A surprise night visitor
Tired and all tucked up in our comfy bed for the night we enjoyed sweet dreams until around 3am. I know all the UK readers will be wondering what the surprise visitor was: a snake, spider, possum but none of these it was a MAN. I had been dead to the world in the land of slumber when Jon sat bolt upright and shouted, “WHO ARE YOU?” He shouted so loud I jumped out my skin and stuck my head out of the covers. There was a man at the bedroom door, he had his hands up and was said, “Its OK, its Dan!” With that he backed sheepishly out of the room. I explained to Jon that it was Shelagh and Brian’s son but he was in shock and continued to sit on the edge of the bed heart racing and shaking for a good few minutes. He then decided that he needed the toilet but was too afraid to leave the room in case he frightened the life either out of himself or Dan a second time.

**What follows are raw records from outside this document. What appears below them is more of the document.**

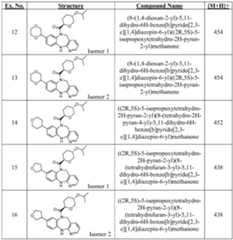Figure imgf000148_0001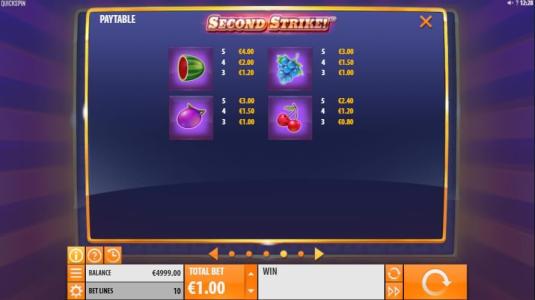 Second Strike Slot Machine Paytable Screen
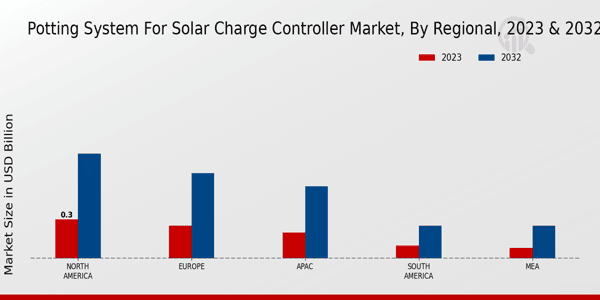 Potting System for Solar Charge Controller Market Regional Insights   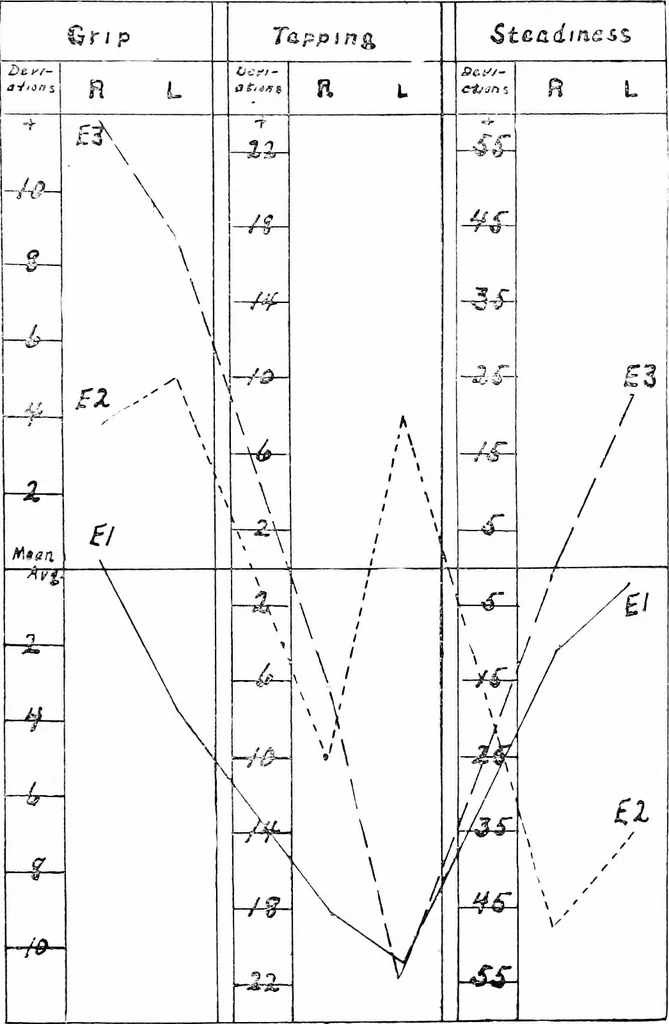 An illustration from A study of talent in drawing, 1919, leaf 112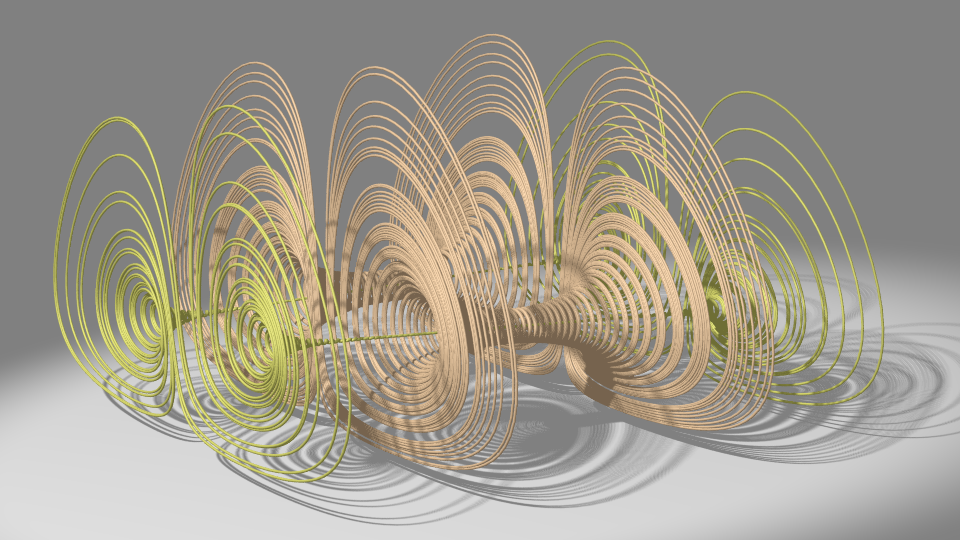 Strange attractors overlapped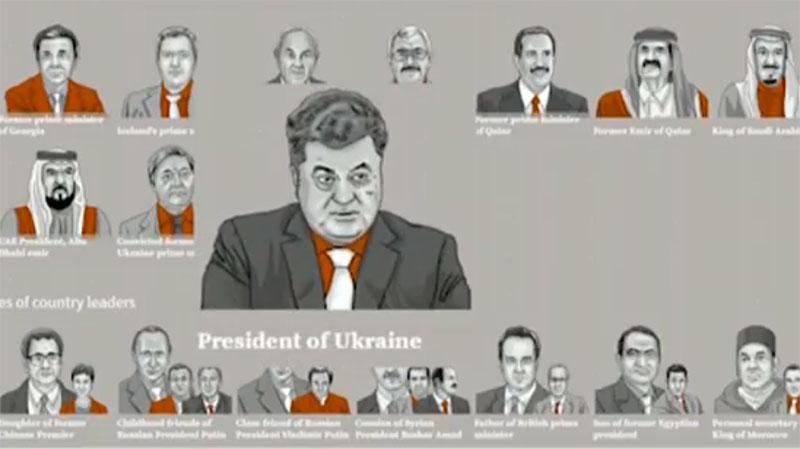 Які країни зачепив офшорний скандал: карта Які країни зачепив офшорний скандал: карта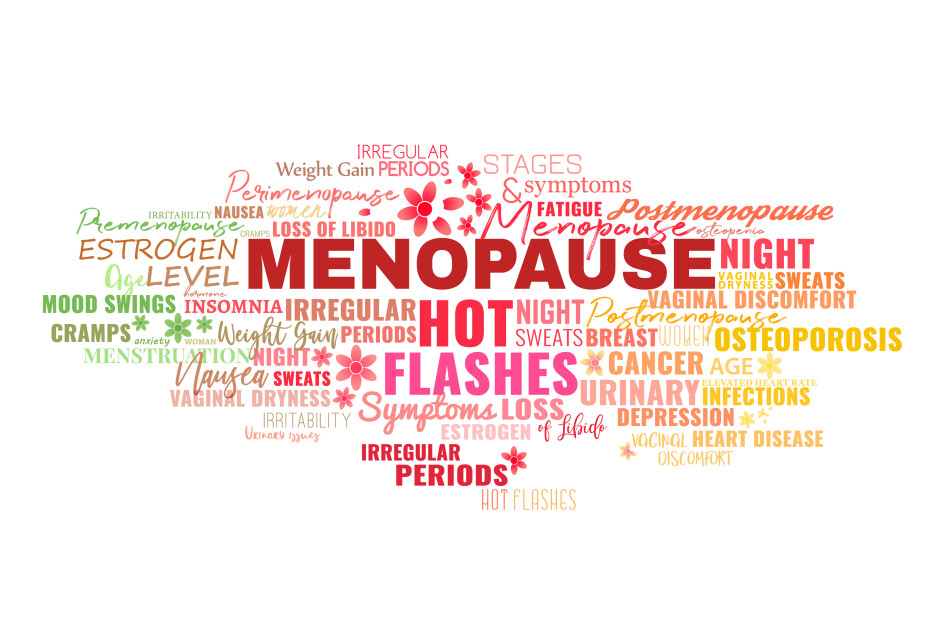 What Is The Menopause And Can Cognitive Behaviour Therapy Cbt Help Siobhan Graham Psychotherapy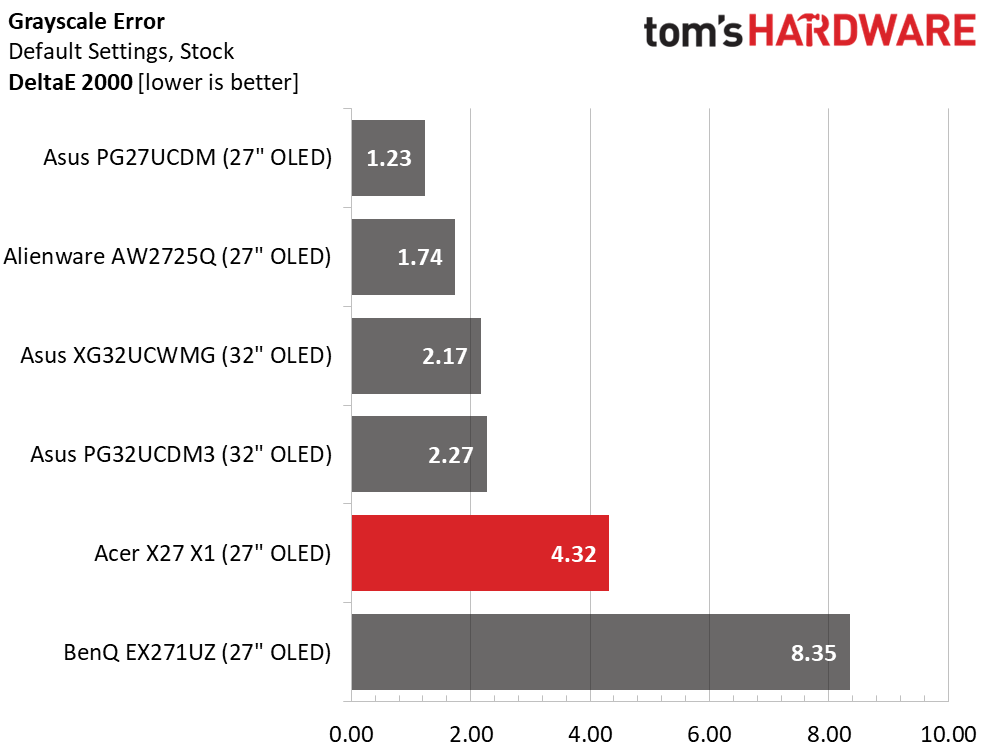 Acer Predator X27 X1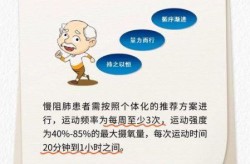 肺部咳嗽怎么治最快最有效，治咳嗽最有效的方法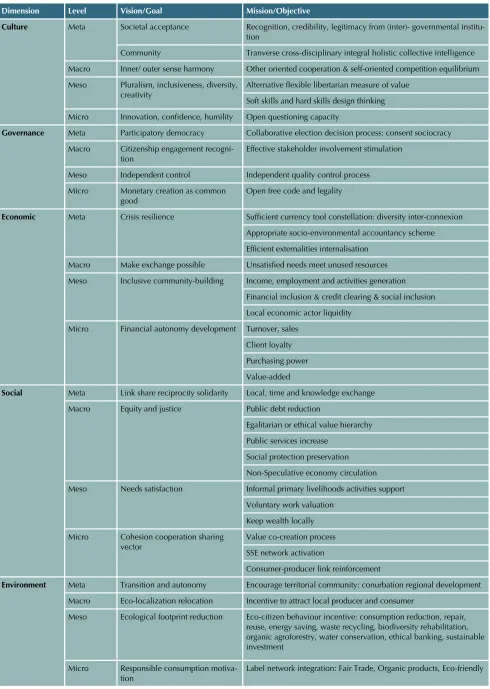 Table 2: goals and objectives for complementary currency systems (Source: Place et al., 2013).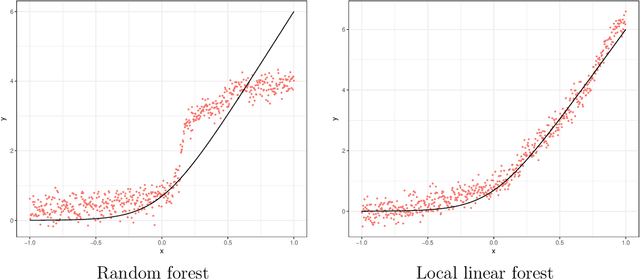 Figure 1 for Machine Learning Methods Economists Should Know About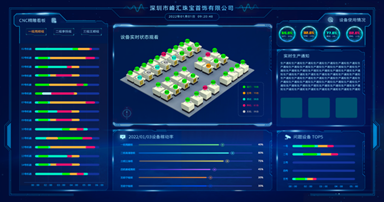 MDA機器管理システム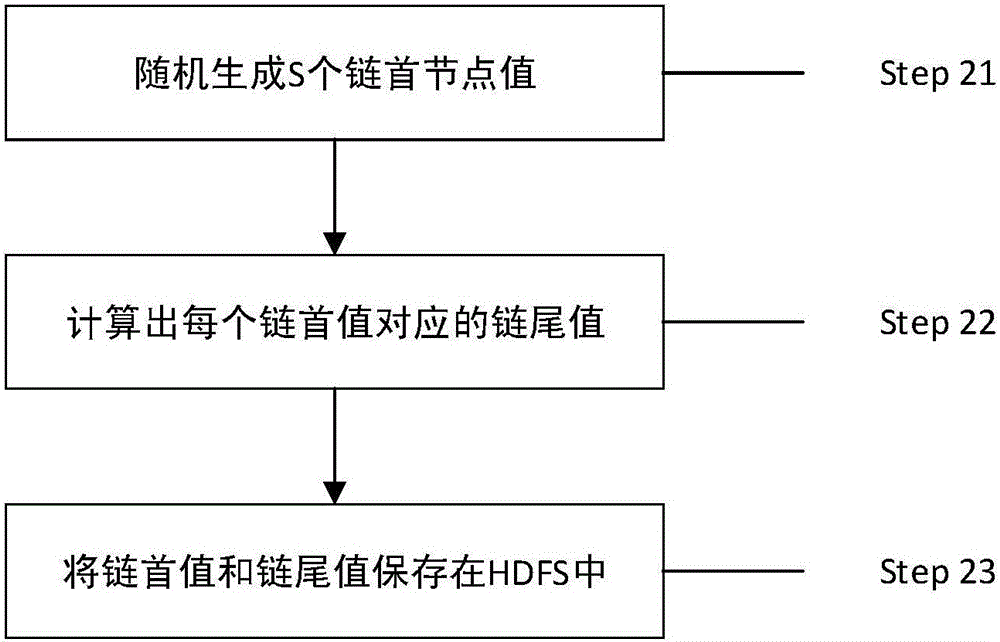 Spark platform-based password hash value recovery method and device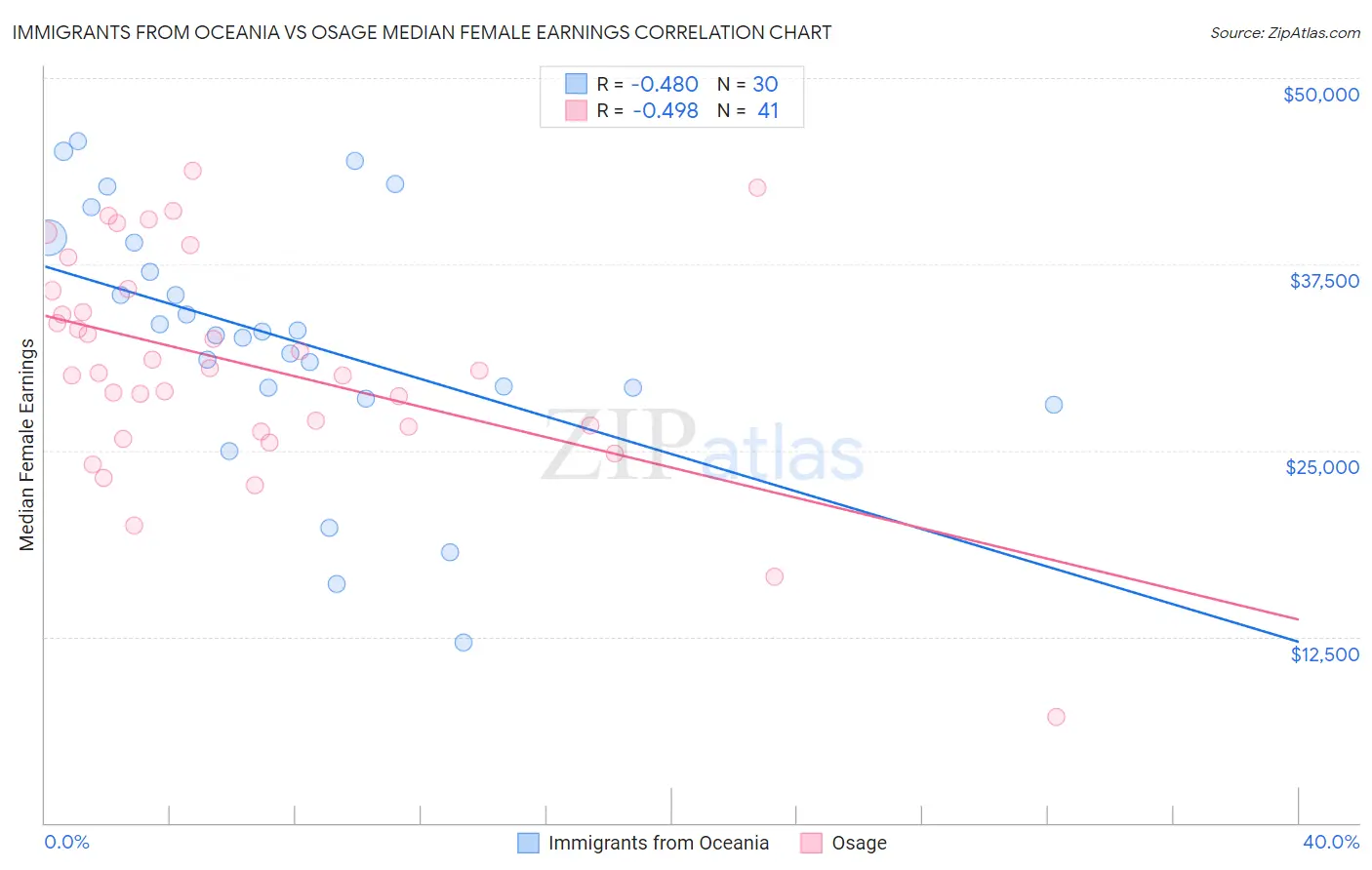 Immigrants from Oceania vs Osage Median Female Earnings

In the morning, I found Shelagh in the kitchen speaking to her daughter, Bec, on the phone. They were both in fits of laughter and it was then that I got the other side of the story. Dan lives a 15 minute or so walk away. Shelagh had told Dan that friends would be staying in what was his old room but after a few drinks and being unable to get a taxi home from town he decided to walk to his Mum and Dad’s and bed down there. After finding “Someone has been sleeping in my bed” he texted his Mum (at 3am) to say sorry. Shelagh read the text but couldn’t understand what he was saying sorry for. She had heard the shouting but thought it was just Jon having a bad dream. I think it was Brian who realised first what could have happened and Shelagh found Dan on the sofa in the lounge. Full of apologies and too scared to venture into the other bedroom that used to be his sister’s in case there were more shouting English strangers in there. Jon’s blood pressure is back to normal but I have yet to regain full hearing on my left side.
William Ricketts Sanctuary
Shelagh and Brian took us to the William Ricketts Sanctuary. William Ricketts was born in 1898 and was an artist/environmentalist. He strived to unify and understand the indigenous Aborigines and most of his clay artwork reflect this. The Sanctuary is located on the side of a hill and 92 pieces of his work are displayed. It was an interesting collection but it felt like it was created by a troubled mind.
Despite Brian’s efforts to track down Puffing Billy the steam train, we didn’t get to see it. We think secretly he wanted a ride! Another perfect day had taken it’s toll on all of us so it was feet up and a take away for dinner, all to the accompaniment of the most terrific thunder storm.
No surprise night-time visitors this time just hours of peaceful sleep before heading off to the east of Melbourne for a few days. Thankfully it was not goodbye to Shelagh and Brian as we are getting together a few more times. Got to make the most of being in the same neck of the woods!! For the next overnight stay, I have bought some post-it notes for the door, Jon has upped his blood pressure dosage temporarily and Dan is probably now tee-total.